At Harbor Press, we give a lot of thought to the way a book looks, since the cover, more than anything else, drives store sales. At BookExpo, I went through the exercise of looking at wall after wall of cover displays to see which stood out from all the rest. I discovered that in a sea of gorgeous four-color covers, the occasional black-and-white photo cover caused my attention to zoom in.

Working on that premise, we built our cover around a black-and-white photo of a group of teens defiantly staring down our prospective customers–something parents could relate to. The only splash of color was the word “crazy” which was printed in brilliant red. And to take advantage of our celebrity Foreword, we added a red banner across the top heralding, “Foreword by Carroll O’Connor.”

On the back cover, we printed a series of six rave endorsements, including two from famous persons, and two from people with impressive professional credentials. To make sure that nobody missed them, the names and credentials of all the endorsers were centered and printed in red. When Martin Sheen materialized at the last minute, his endorsement naturally went to the top of the list.



Because our marketing plan called for a full-scale author tour and a national media campaign, we relied on freelance publicist Peg Booth of Booth Media Group (www.boothmedia.com); we had worked successfully with her in the past. It wasn’t long before she showed me how to be nimble on your feet when the chips are down. The day after our author tour began, terrorists attacked the World Trade Center and the Pentagon. Naturally, all the media and the nation were preoccupied by those events, and the news media were handing out cancellation slips to everyone, including celebrities and big-name authors. However, Booth immediately went to work re-pitching Bradley as an expert who could tell parents how to help children deal with the crisis. Two weeks after 9/11, she was able to re-book the entire tour, preserving almost all of our original dates and adding some extra ones.

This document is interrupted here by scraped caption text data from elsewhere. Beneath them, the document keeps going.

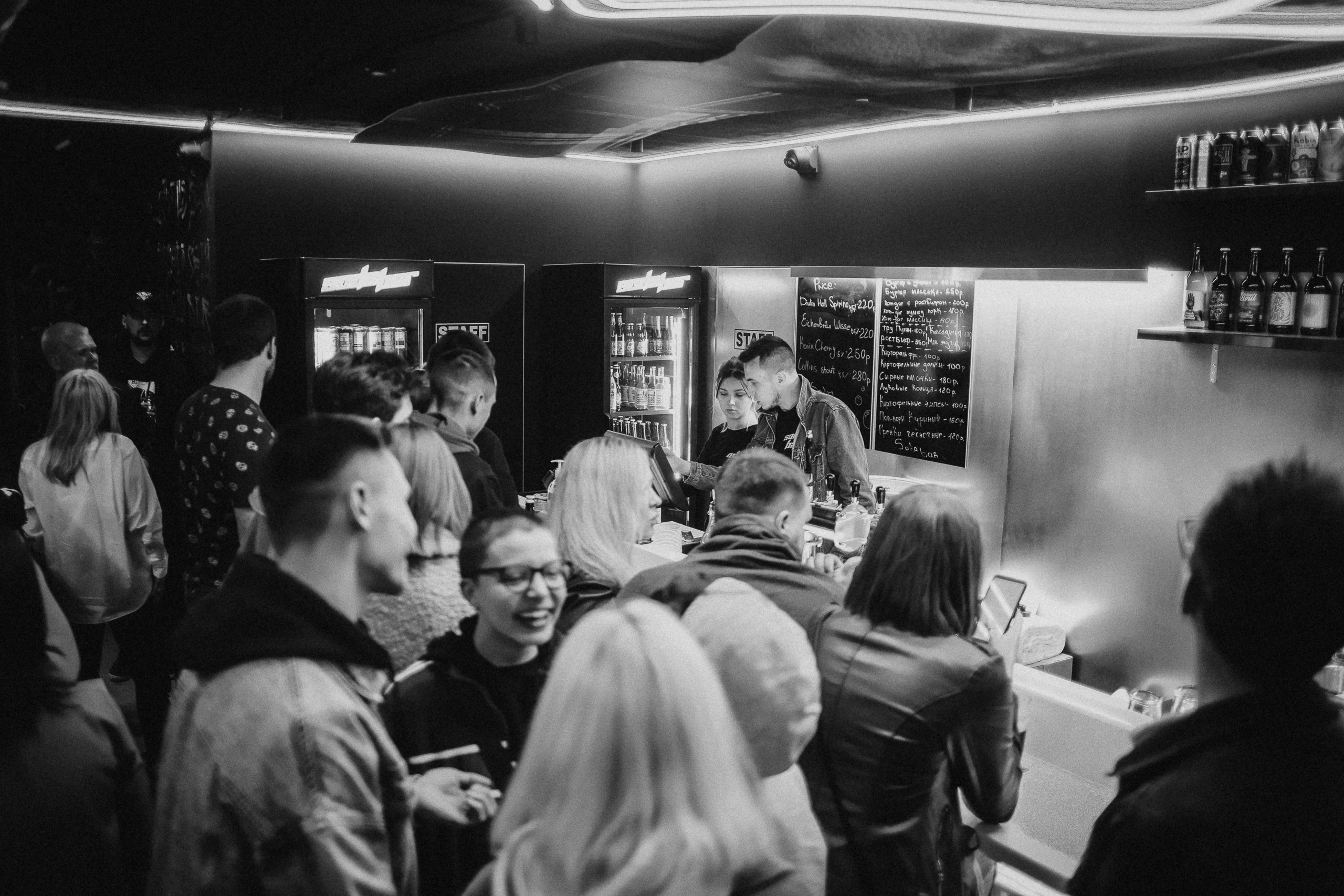 Открытие бара. Репортажный фотограф в Новосибирске. Алексей Гриценко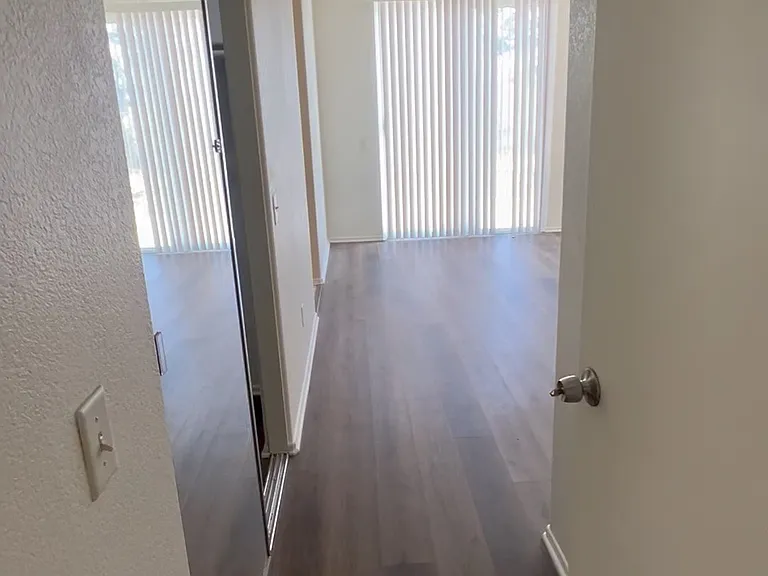 27474 Fallbrook Ct — Photo 18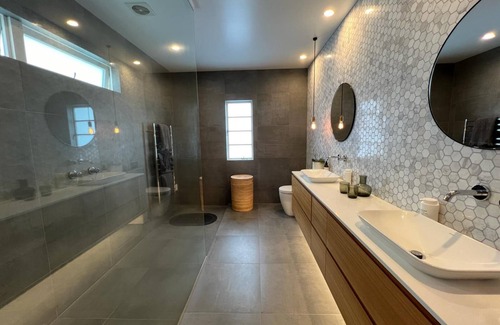Orakei Casa | Sophisticated Splendor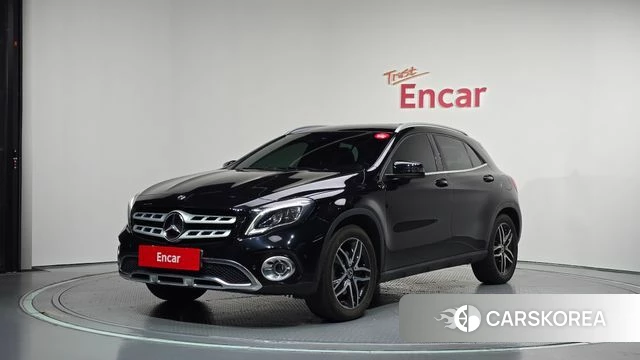 Mercedes-Benz GLA-Class X156 2018 Черный из Кореи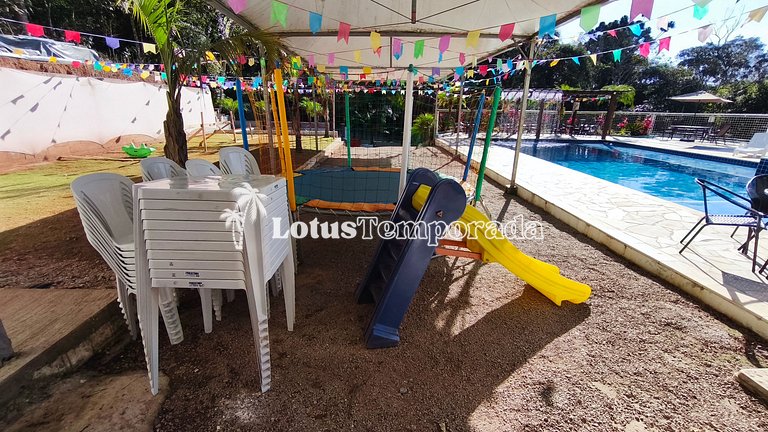 Chácara para eventos e lazer em Itapecerica LT0101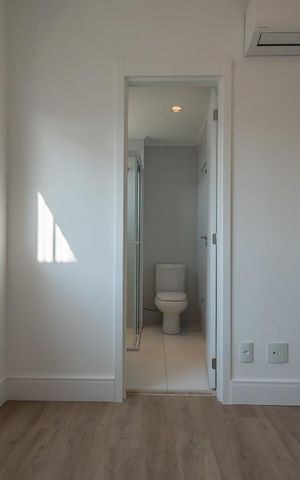 Apartamento à venda com 213m², 3 quartos e 4 vagas Apartamento à venda com 213m², 3 quartos e 4 vagasSuíte 1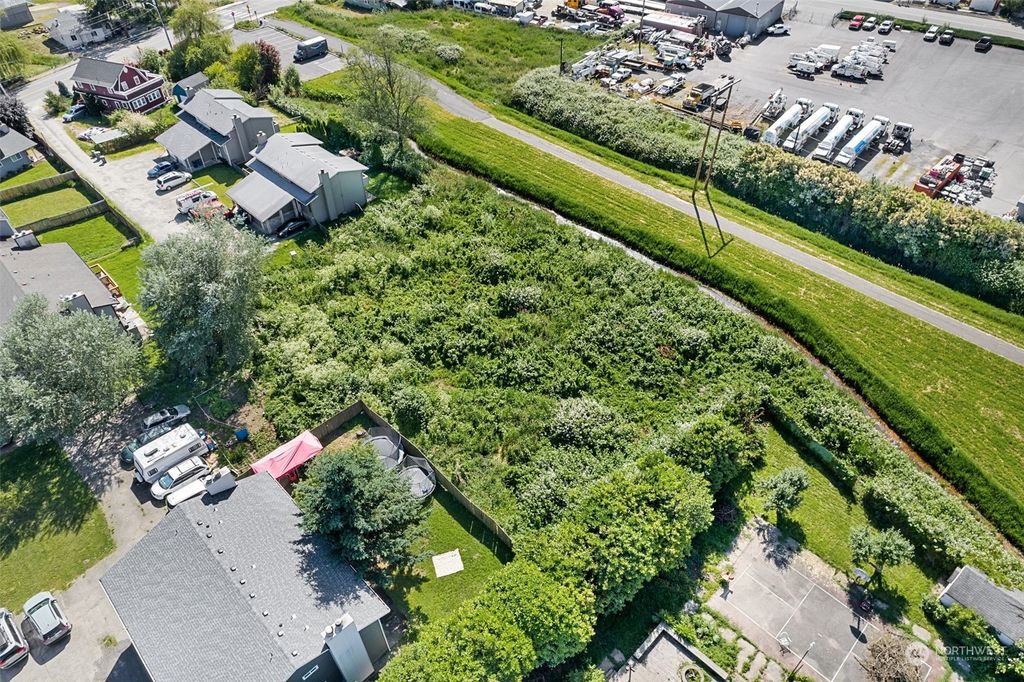 Photo of 33 - 3rd Place SW, Pacific, WA 98047 (MLS # 2256141)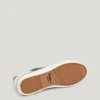 Klassische Sneakers mit Wildlederdetails Klassische Sneakers mit Wildlederdetails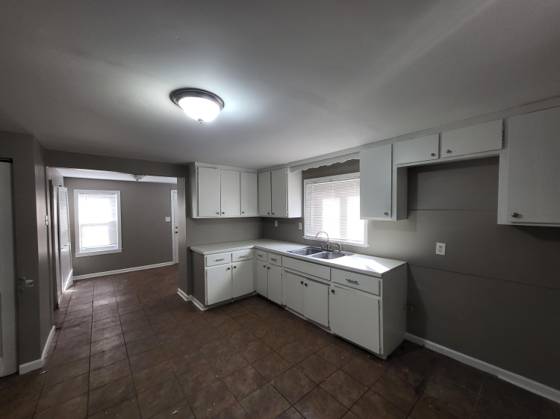 2216 Goulson Avenue, Warren, MI 48091 photo 4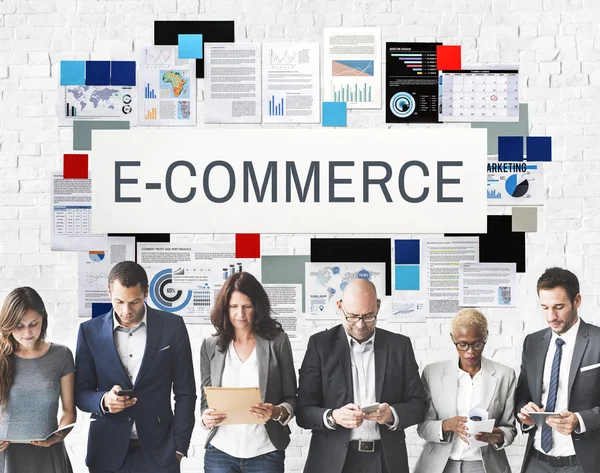 Podnikatelé a koncepce E-Commerce — Stock fotografie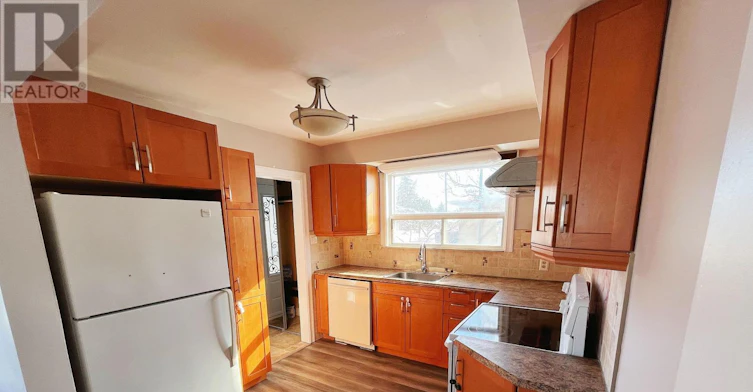382 Blue Grass Boulevard, Richmond Hill, ON, L4C 3H4 - 2
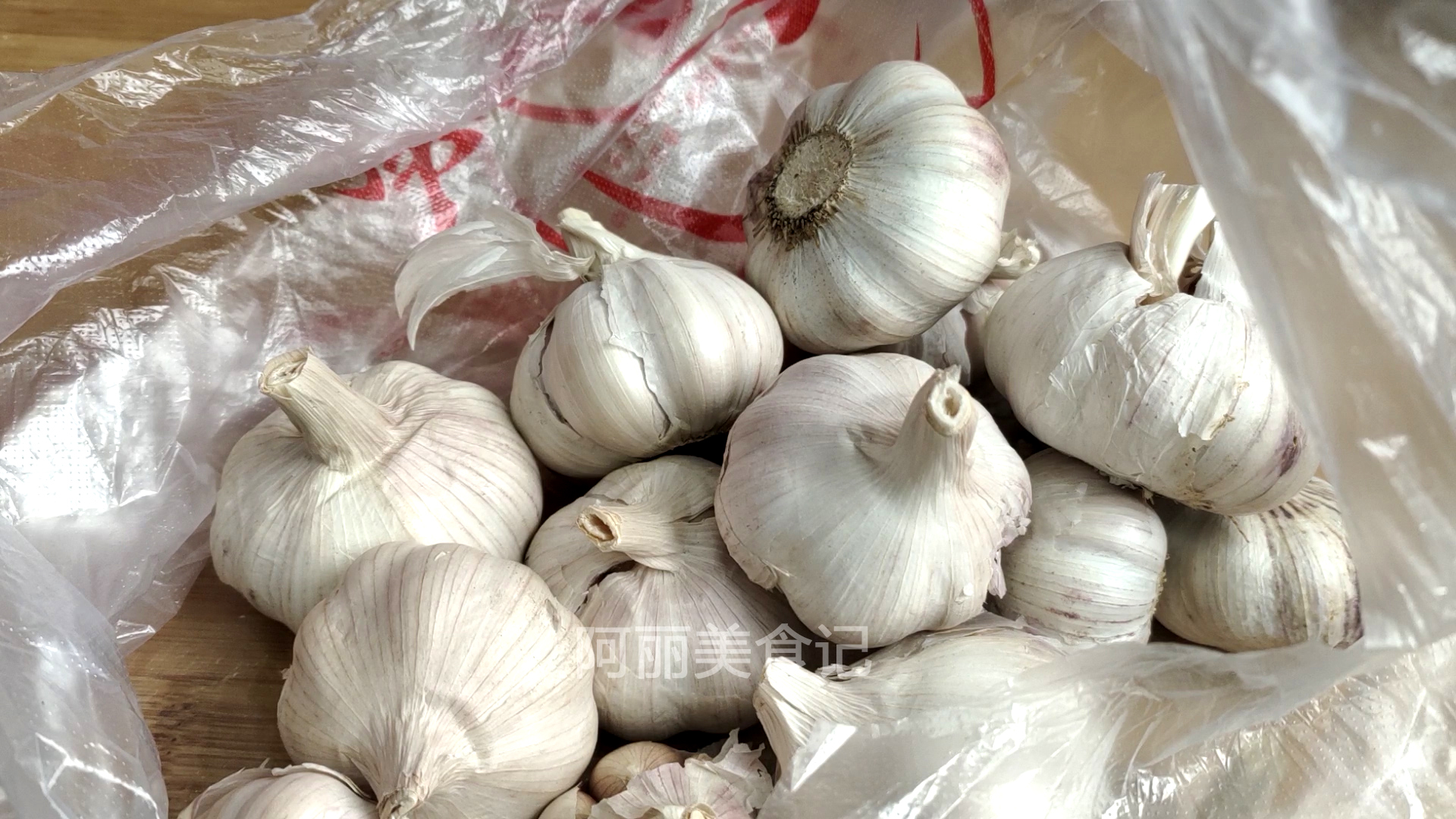 今天才知道，保存大蒜这么简单，放好久不发芽不干瘪，真好用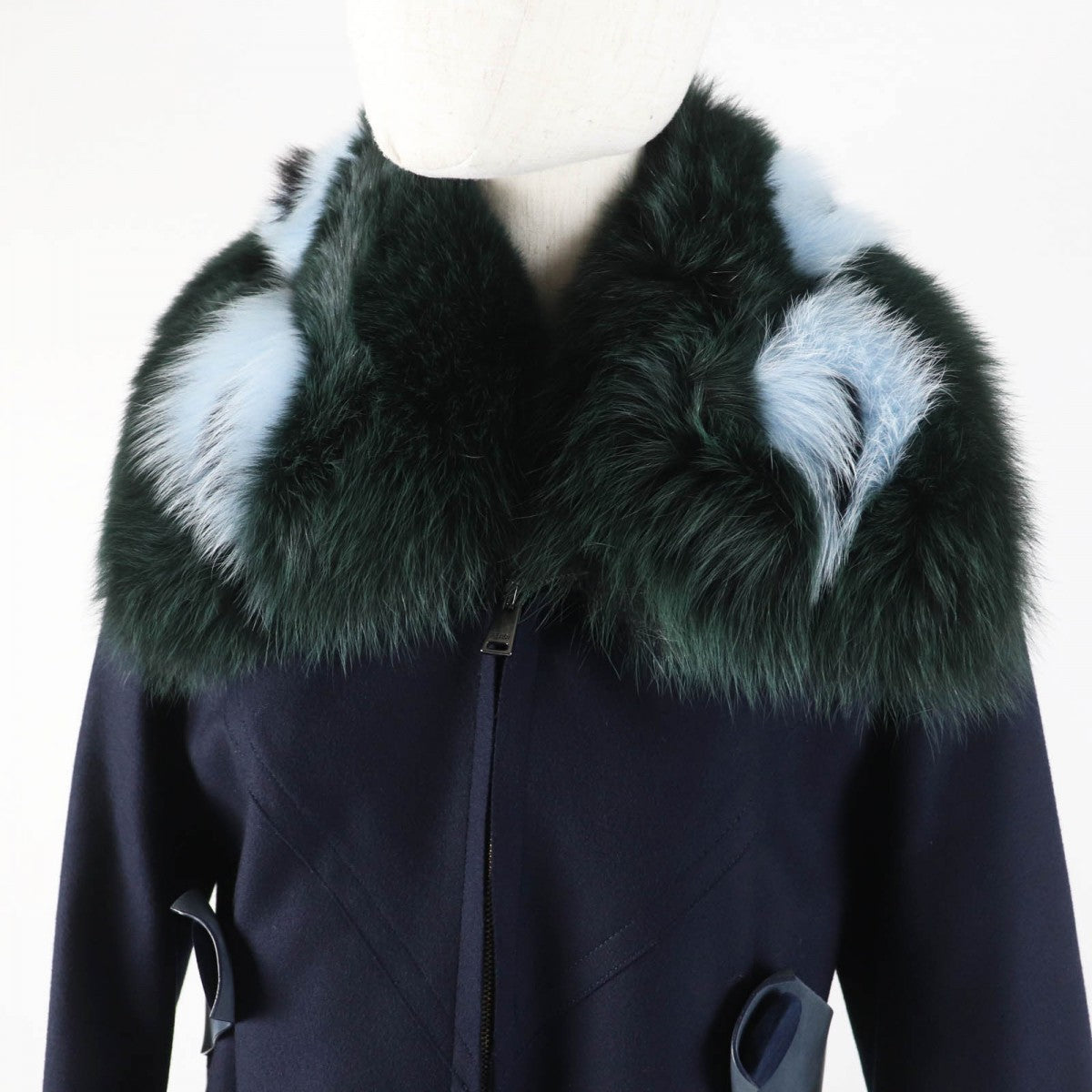 Fendi Coat Ff8246 Outer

Since Harbor Press has signed Dr. Bradley to write three future books, one important marketing objective was to sell not only the book but also the author. So we created an author Web site, http://www.docmikebradley.com.

The aim of the Web site is to create a community of parents who know and like Dr. Bradley’s writing and will want to buy all of his future books. Therefore, a central strategy of the site is to capture contact information for visitors, so that we can market to them in the future. Structured with this in mind, the Web site requires registration in order to win a free book, to participate in a forum with Dr. Bradley, or to subscribe to a free e-newsletter.

Recently we began another grassroots marketing strategy, booking the author as a keynote speaker before PTA state conventions and other parenting groups. The parents who will hear and learn about Dr. Bradley and his book at these events are in a position to influence the decisions of many other parents. These speaking engagements have been low in cost and well received, and they have always sold out of books.



In its first four months of sales, Yes, Your Teen Is Crazy! sold close to 30,000 copies. Sell-through has been excellent, and we’re confident that the paperback incarnation of the book will be a steady seller for years to come. We also believe the experience gained will continue to improve our chances for creating future best-sellers.


Harry Lynn launched Harbor Press in 1985 as a mail-order health book publisher. Since then, its books have sold more than 2 million copies worldwide, and they are published in more than 20 foreign languages. Two have been licensed to New York publishing houses in major six-figure deals. In recent years, Harbor Press has selectively published a small number of trade books which it aggressively promotes and publicizes, drawing on Lynn’s 18 years of experience as a New York TV News Producer.